Get to know your Wi-Fi app or interface
Your router will come with either an app or an IP address (something like http://192.168.1.1) to type into your browser to access all the controls for your Wi-Fi network. It can be interesting to see which devices are connected and using which band (2.4 GHz or 5 GHz) and understand why they’re connected as they are. Here are a few of the more advanced features that you might want to explore:
- Enable family profiles to give your kids an Internet “bedtime” or restrict websites they can visit.
- Change your network password to something more memorable for you (but make sure it’s still hard to crack for others).
- Check your security options: is your firewall still enabled, is there virus protection available?

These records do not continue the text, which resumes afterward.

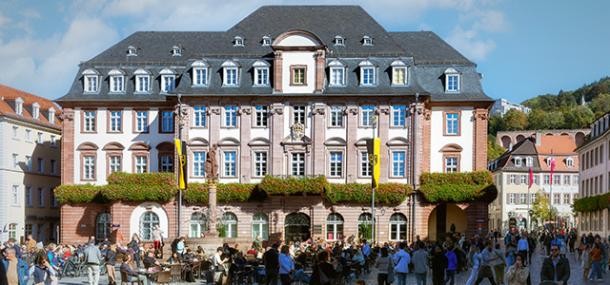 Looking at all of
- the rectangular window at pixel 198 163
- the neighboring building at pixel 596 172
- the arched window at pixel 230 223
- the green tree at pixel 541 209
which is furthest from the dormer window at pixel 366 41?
the green tree at pixel 541 209

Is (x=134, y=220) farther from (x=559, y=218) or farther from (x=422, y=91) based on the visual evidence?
(x=559, y=218)

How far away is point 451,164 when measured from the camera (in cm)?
6775

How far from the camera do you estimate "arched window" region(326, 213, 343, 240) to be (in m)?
66.2

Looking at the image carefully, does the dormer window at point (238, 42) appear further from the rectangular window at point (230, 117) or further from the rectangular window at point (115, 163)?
the rectangular window at point (115, 163)

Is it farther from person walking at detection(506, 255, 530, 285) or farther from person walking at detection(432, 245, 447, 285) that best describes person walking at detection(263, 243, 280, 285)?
person walking at detection(506, 255, 530, 285)

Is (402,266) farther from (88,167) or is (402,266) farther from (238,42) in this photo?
(88,167)

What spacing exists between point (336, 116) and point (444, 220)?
10.1 meters

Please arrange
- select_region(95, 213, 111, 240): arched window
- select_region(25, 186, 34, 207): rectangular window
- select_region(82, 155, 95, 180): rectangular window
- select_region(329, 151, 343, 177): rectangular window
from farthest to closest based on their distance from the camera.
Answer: select_region(25, 186, 34, 207): rectangular window, select_region(82, 155, 95, 180): rectangular window, select_region(95, 213, 111, 240): arched window, select_region(329, 151, 343, 177): rectangular window

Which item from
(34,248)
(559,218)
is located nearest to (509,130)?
(559,218)

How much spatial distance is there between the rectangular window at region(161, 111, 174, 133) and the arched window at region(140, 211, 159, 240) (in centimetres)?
598

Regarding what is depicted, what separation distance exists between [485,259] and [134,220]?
42.8m

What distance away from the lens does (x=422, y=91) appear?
66250 millimetres

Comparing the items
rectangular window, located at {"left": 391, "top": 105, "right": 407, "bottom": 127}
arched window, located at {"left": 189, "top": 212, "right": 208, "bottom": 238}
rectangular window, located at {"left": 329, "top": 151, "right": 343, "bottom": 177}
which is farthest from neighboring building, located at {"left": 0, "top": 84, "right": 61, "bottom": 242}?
rectangular window, located at {"left": 391, "top": 105, "right": 407, "bottom": 127}

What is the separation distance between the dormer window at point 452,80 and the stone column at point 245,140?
521 inches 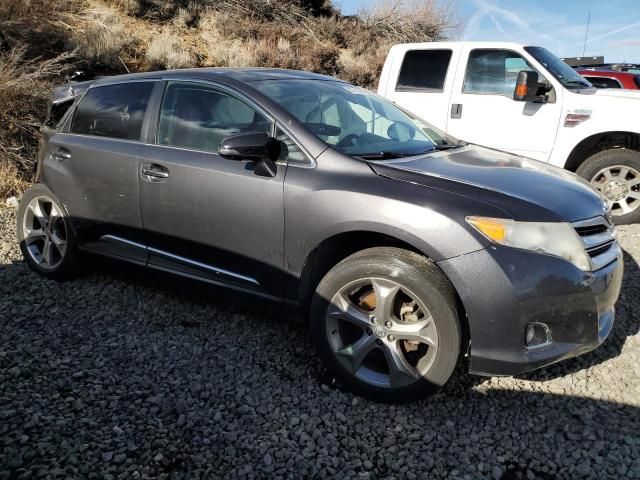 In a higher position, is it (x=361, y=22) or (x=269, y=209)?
(x=361, y=22)

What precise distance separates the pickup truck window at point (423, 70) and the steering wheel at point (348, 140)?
380cm

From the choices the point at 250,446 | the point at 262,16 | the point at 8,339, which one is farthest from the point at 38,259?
the point at 262,16

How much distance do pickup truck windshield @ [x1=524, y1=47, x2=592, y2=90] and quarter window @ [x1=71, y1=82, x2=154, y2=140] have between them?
460 centimetres

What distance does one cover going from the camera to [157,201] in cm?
350

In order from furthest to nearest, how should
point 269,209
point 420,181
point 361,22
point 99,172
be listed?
point 361,22 → point 99,172 → point 269,209 → point 420,181

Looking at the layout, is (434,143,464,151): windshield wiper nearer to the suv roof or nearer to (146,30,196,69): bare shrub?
the suv roof

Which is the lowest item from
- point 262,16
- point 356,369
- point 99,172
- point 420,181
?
point 356,369

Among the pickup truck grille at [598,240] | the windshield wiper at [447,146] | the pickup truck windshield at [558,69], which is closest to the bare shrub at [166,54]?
the pickup truck windshield at [558,69]

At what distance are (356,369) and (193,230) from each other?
137 cm

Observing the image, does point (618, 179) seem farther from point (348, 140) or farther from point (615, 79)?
point (615, 79)

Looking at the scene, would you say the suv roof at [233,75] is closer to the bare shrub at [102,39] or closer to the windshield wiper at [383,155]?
the windshield wiper at [383,155]

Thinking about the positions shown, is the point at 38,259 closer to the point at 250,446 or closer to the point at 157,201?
the point at 157,201

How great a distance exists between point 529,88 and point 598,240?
143 inches

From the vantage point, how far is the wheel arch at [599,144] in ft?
18.6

Don’t be afraid to explore: it’s pretty hard to break something and anything you disable can be re-enabled with the same controls. If something does go wrong, do a factory reset and start again.
Experiment with interference
Many people know that separate Wi-Fi networks, say yours and your neighbors’, can interfere with each other if they overlap. But did you know that lots of household appliances also create interference? Microwave ovens, Bluetooth speakers, baby monitors, cordless telephones, even gaming consoles emit radio signals that can degrade your Wi-Fi performance. These devices operate in the 2.4 GHz frequency band so you can avoid them if you stick to the 5 GHz Wi-Fi frequency, if your device (smartphone, tablet, etc.) supports it. You can also learn about Wi-Fi channels. These are sub-divisions of a Wi-Fi frequency. Again, you can avoid interference by switching your Wi-Fi router to a different channel. If you have a device operating on the 2.4 GHz frequency, why not have a bit of fun! Download an app like Speedtest, stand in your kitchen, and see what happens to your Wi-Fi connection when you heat something in the microwave!
Expand your network
Using the same Speedtest app, check the connection speed in different parts of your home. Adding an extra Wi-Fi access point will enhance the connectivity where the connection drops. Your best option is to look for devices that use “mesh” technology, like Nokia WiFi Beacons. A Wi-Fi mesh creates one seamless network throughout your home. That means you can move through your home while on a call or streaming a video and switch automatically between access points without losing your connection or even noticing a change. This is called seamless roaming. The clever mesh devices out there also ensure the best connectivity by automatically routing signals different ways around your network to bypass bottlenecks or interference. In contrast, less sophisticated Wi-Fi extenders and repeaters create separate networks with a different login and password, making it impossible to roam seamlessly, and don’t have the intelligence to route traffic for the best performance.
Create a guest network
When this is all over, I sincerely hope you’ll be welcoming friends, family and other visitors back into your home. But as much as we love them, sometimes a little separation helps. So why not set up a guest Wi-Fi network? This lets visitors access the Internet but keeps them off your personal Wi-Fi network, so they can’t access any controls or your devices. You can make this network open or create a simple password that’s easy to give to visitors.
Stay safe, stay connected: hopefully some of these tips can help you do both.